I'll be keeping an eye on this thread. I've been drinking a Muskoka Brewery double chocolate cranberry stout. I would like to brew it for next Christmas. They list cocoa nibs as an ingredient.
 
I'm working on recipes for my January brews. I'm wanting to start some long term brews to be ready next Christmas. Anyone have any advise on brewing really high ABV beers? I'm thinking (17%-22%).

Why? The highest I have ever done was 13%, and it is too much. The beer is great, but it is way too much alcohol for me, and I'm no slouch when it comes to drinking my share. I started off with 70 bottles a couple of years ago, and probably still have 50 of them.

When yoi think about it, 3 beers at 17% is equal to half a case of standard American lager.

Good luck with it. All I'm trying to say, is make sure you really want several galons of beer at that strength.

I can't help with any advice on that gravity. I think I could do 14 or 15% at a push, but higher would be a real challenge.

I can't help with the nibs; l have only used cocoa powder
 
^I guess it all depends how smooth you can make the chocolate taste. This is the picture im going for - I eat a big dinner, and want a real small chocolate stout to sip on. Very rich aged taste (The taste I am picturing is a milk chocolate, hot chocolate, with cool whip on top). Now before someone replies saying to just buy a hot chocolate, I was just using that as a mental picture painter. Is that even a possible scenario? I have had many chocolate stouts, but none described the picture from my above text.
 
You will have to really go heavy on the chocolate, I would recommend in both the boil and secondary. And maybe consider when you go to drink this you pour it over a shot of espresso to help cut the alcohol.

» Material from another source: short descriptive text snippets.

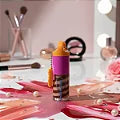 Gloss Labial Party Time Popstar G2 Ruby Rose HB-L6406 - Kit c/ 06 unid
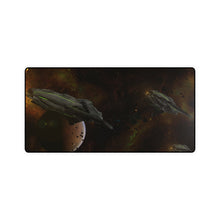 Load image into Gallery viewer, Prothean Cruisers Mouse Pad (Desk Mat)
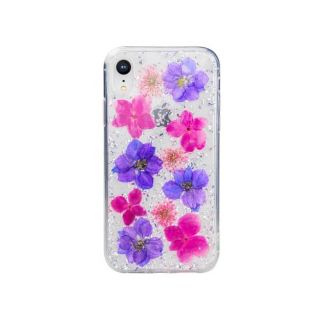 iPhone XR- SwitchEasy Flash Violet Hülle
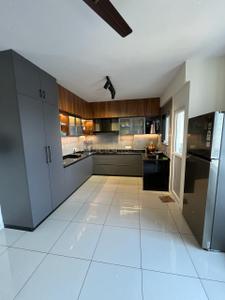 Kitchen Image of 1700 Sq.ft 3 BHK Apartment / Flat for rent in DS Needs 3 Project 276, Kalena Agrahara Bengaluru for Rs. 60000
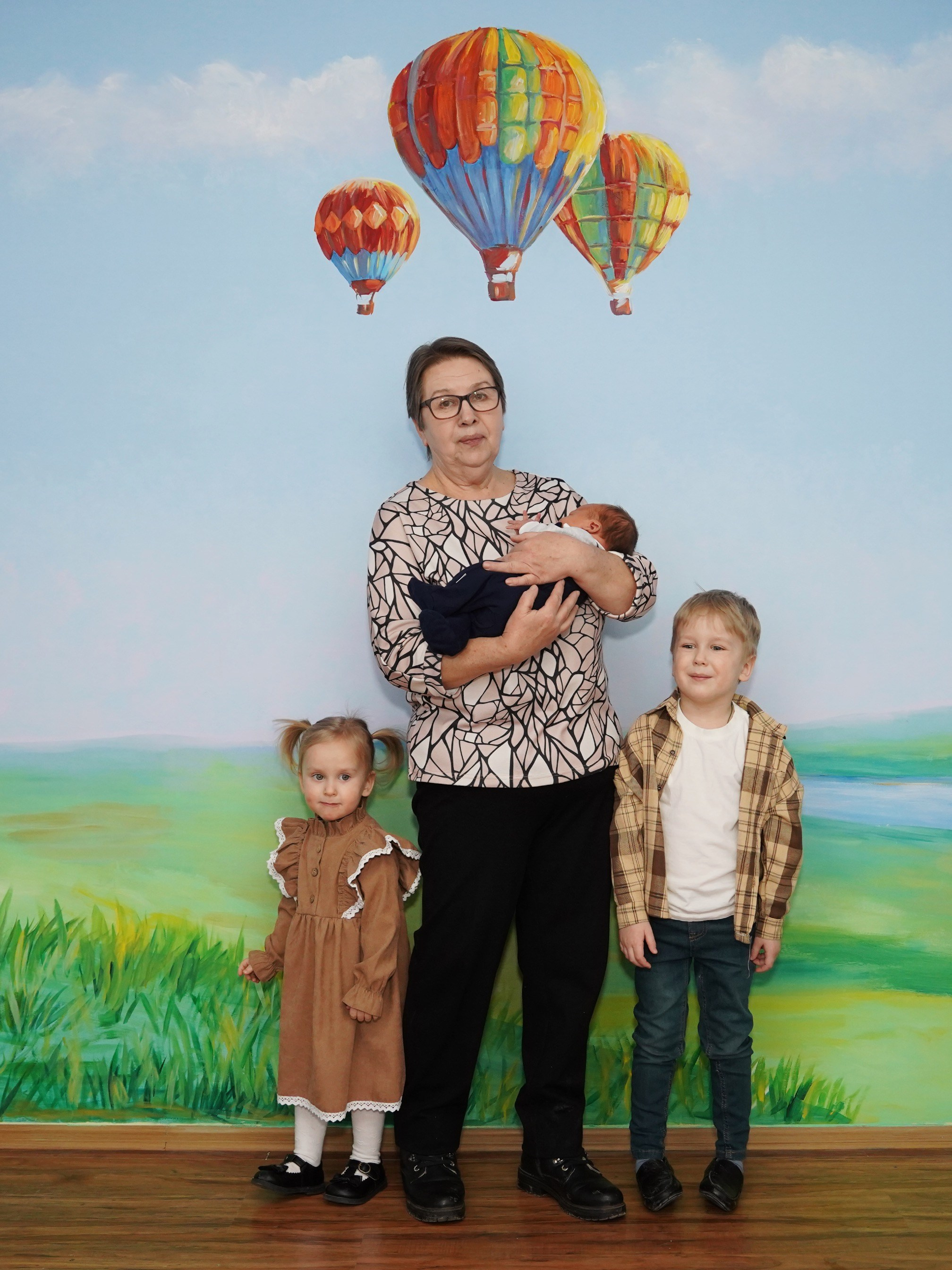 Выписка Димы. Событийный фотограф Анна Курникова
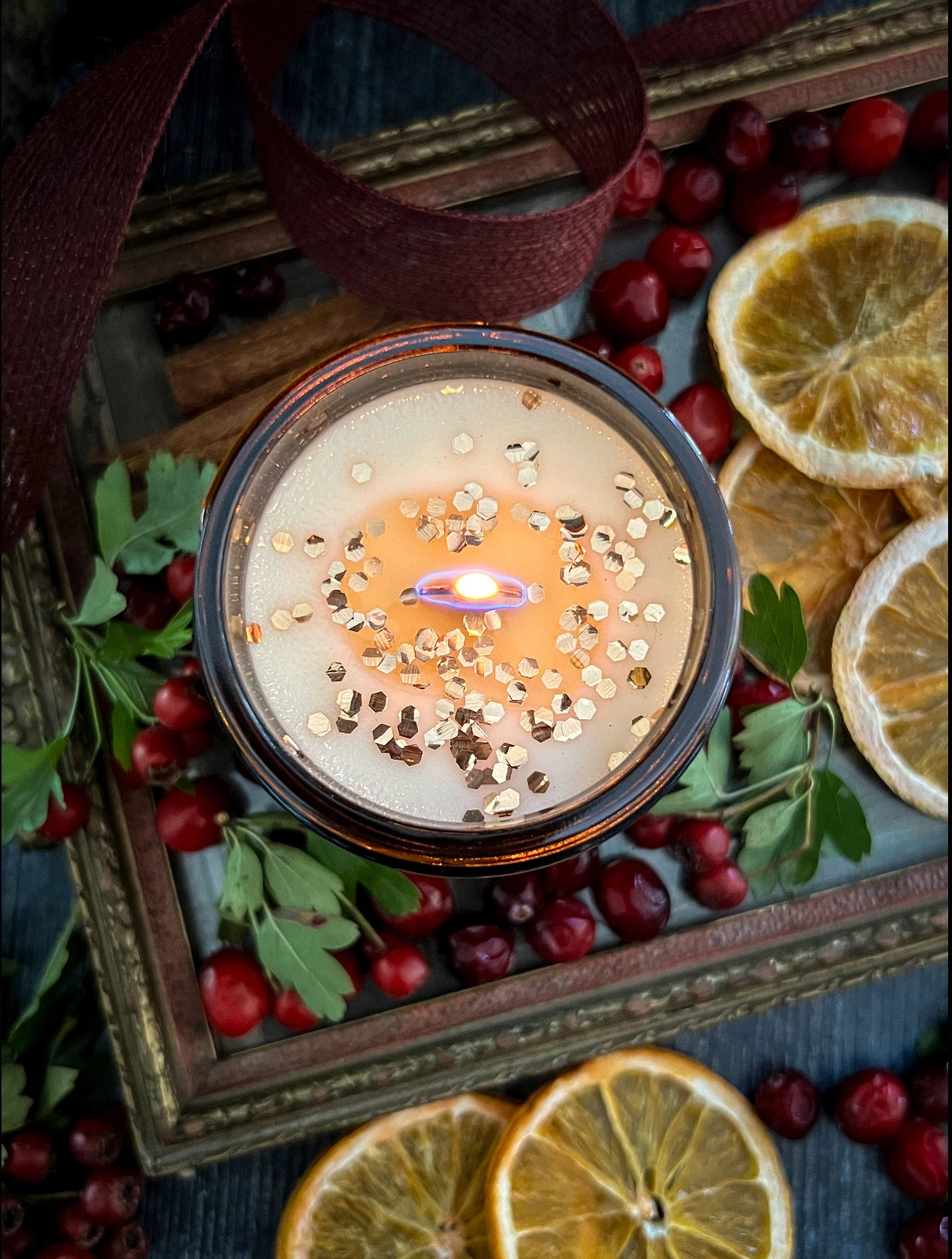 Mulled Cider Candle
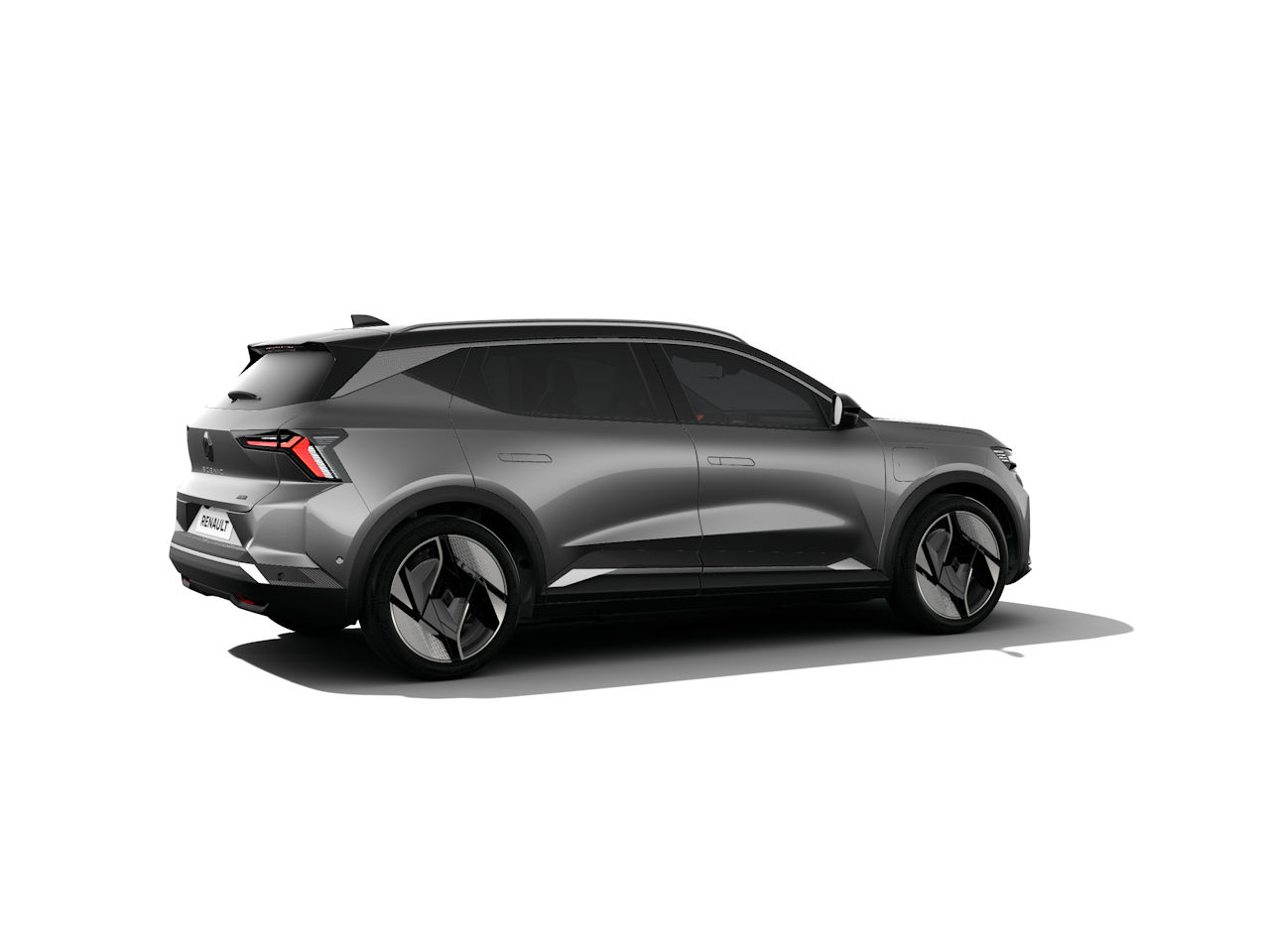 Renault Scenic E-Tech elektrisch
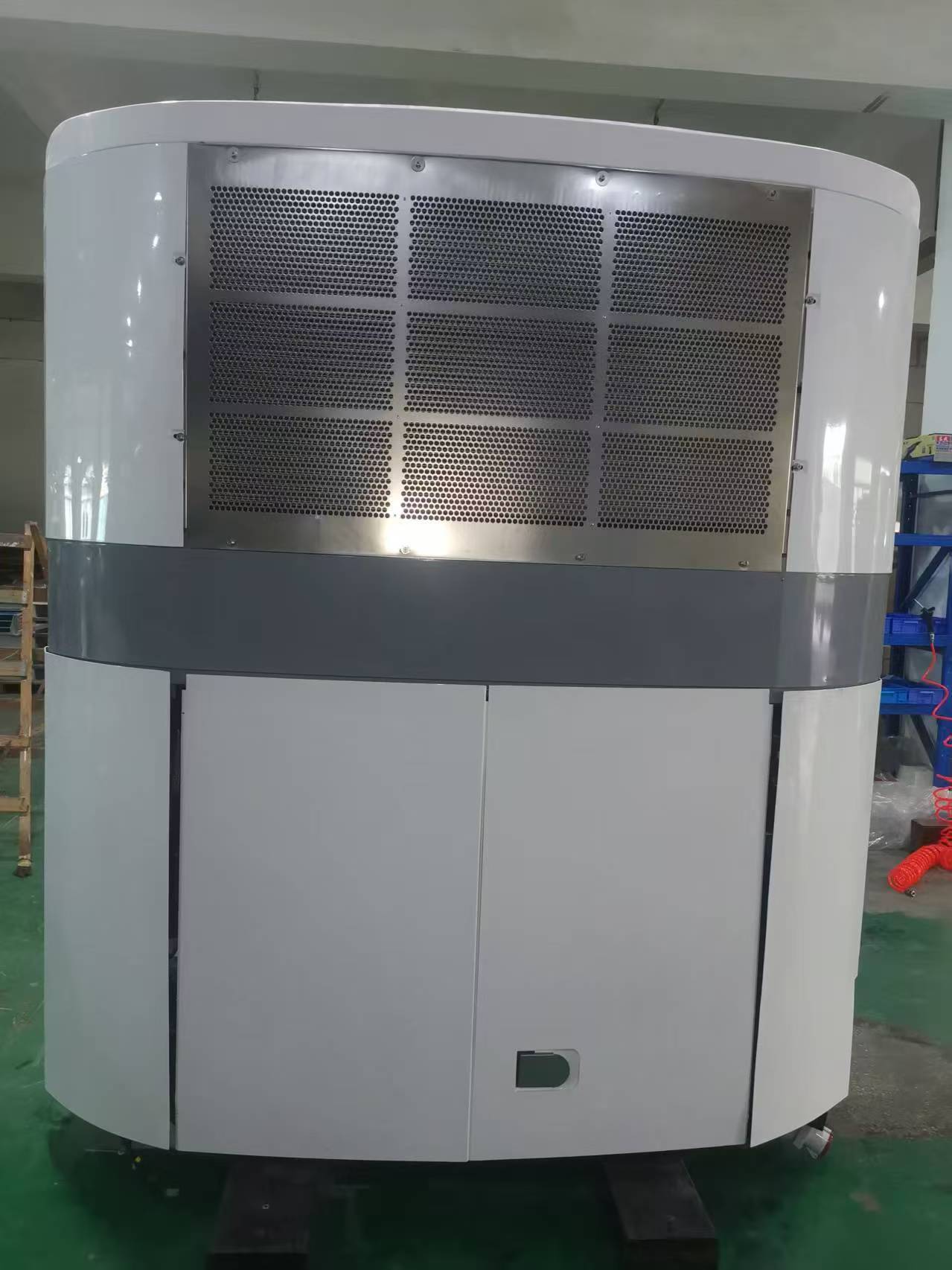 KOOLVe V5 ट्रान्सपोर्टेशन रेफ्रिजरेटेड युनिट (TRU)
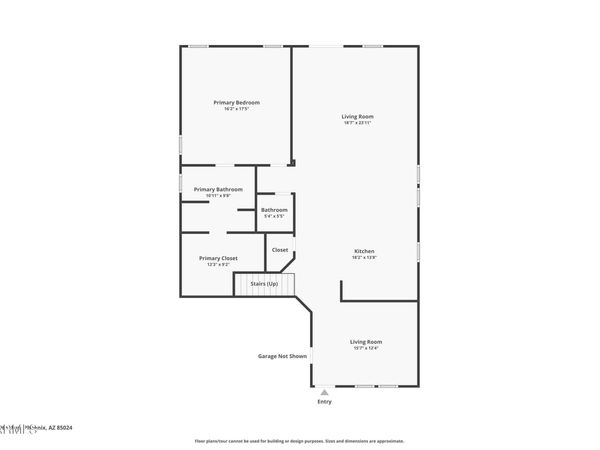 22617 N 19th Way, Phoenix, AZ 85024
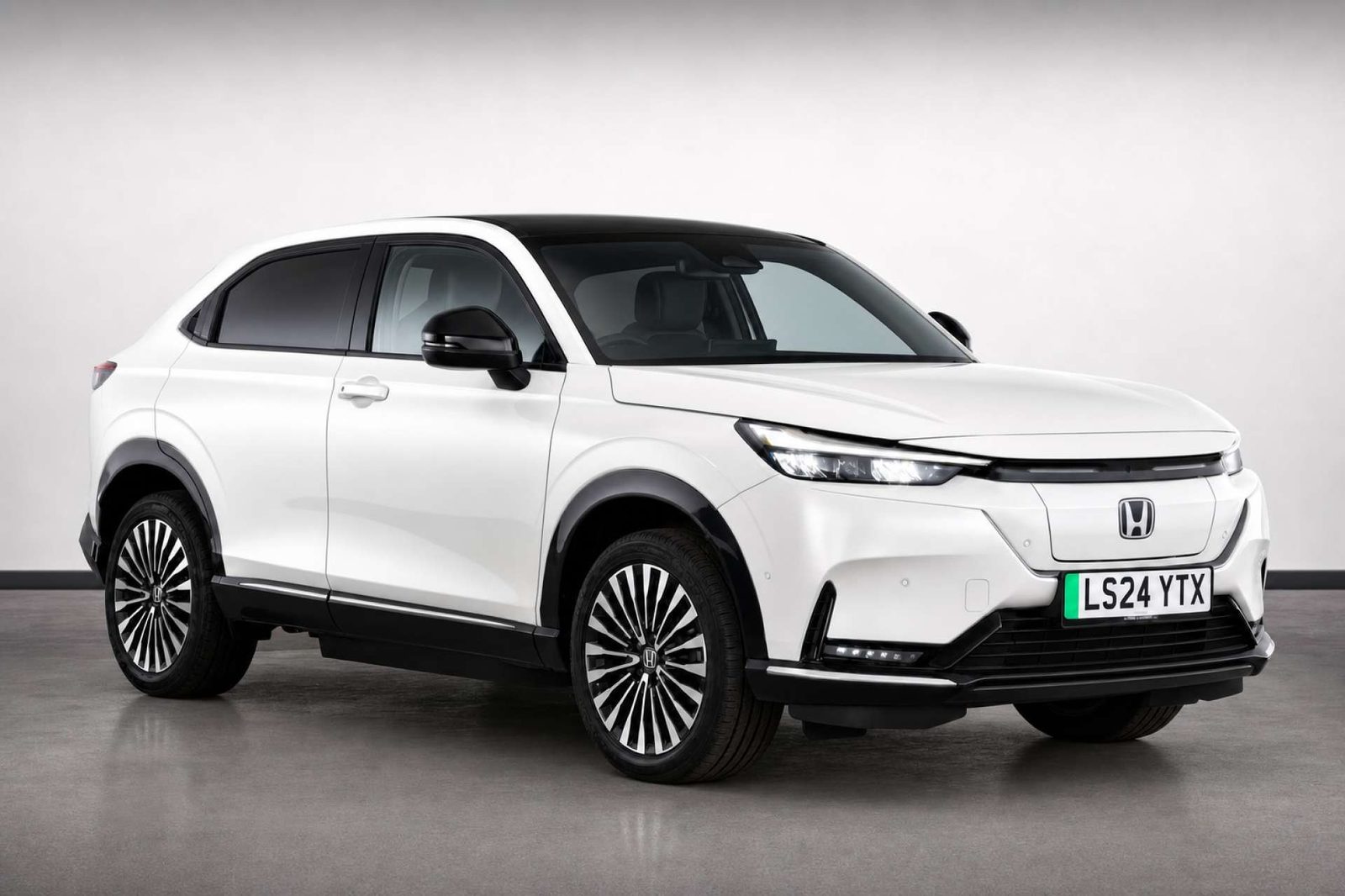 2024 Honda E:Ny1 68.8kWh Advance SUV 5dr Electric Auto (204 ps) for sale at LMC Cars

Just a thought.
 
^the other thing I was thinking was it would have to be chocolate flavoring because anything that is sweet chocolate will get the sugar eaten by the yeast
 
the really big beers are just a pain in the ass and not really worth the effort. you'll need to start with a highly tolerant yeast (001, 530, etc), add in a starter of 099 during ferm, add tons of oxygen & nutrient, and generally incrementally feed it up to the desired strength. its cool to try, but a full batch is just kinda a waste of bottle/keg space after awhile. I brewed a 19% IPA a few years ago, split the batch with a friend as I knew it'd be too much, and I still have half of it left. Great beer that keeps getting better, but it's just so strong I rarely ever wanna have one. 12-15% is a good high range, after that's its more challenge than its worth IMO/IME.

if you still wanna push it that high, look for the utopias and DFH120 threads on here for more info
 
I will second that as I did my version of a dfh 120 ended up at 15.5% and I can only drink 2 26oz mugs before my wife shuts me off. I used a 2L stepped up twice of 1056 pitching about 100ml of slurry then did a 099 2L stepped up twice and the yeast had no issue. I save the trub from the primary so I have a very high attenuating ale yeast now.

This is why I told you to go with a lot of chocolate and maybe cut it with coffee because as much as it's a good beer and I used something like 11oz hops the alcohol still comes thru.
 
I'm really just looking to try something new and challenging. I'm still have a couple lower ABV beer planed in the coming months as well as some mead.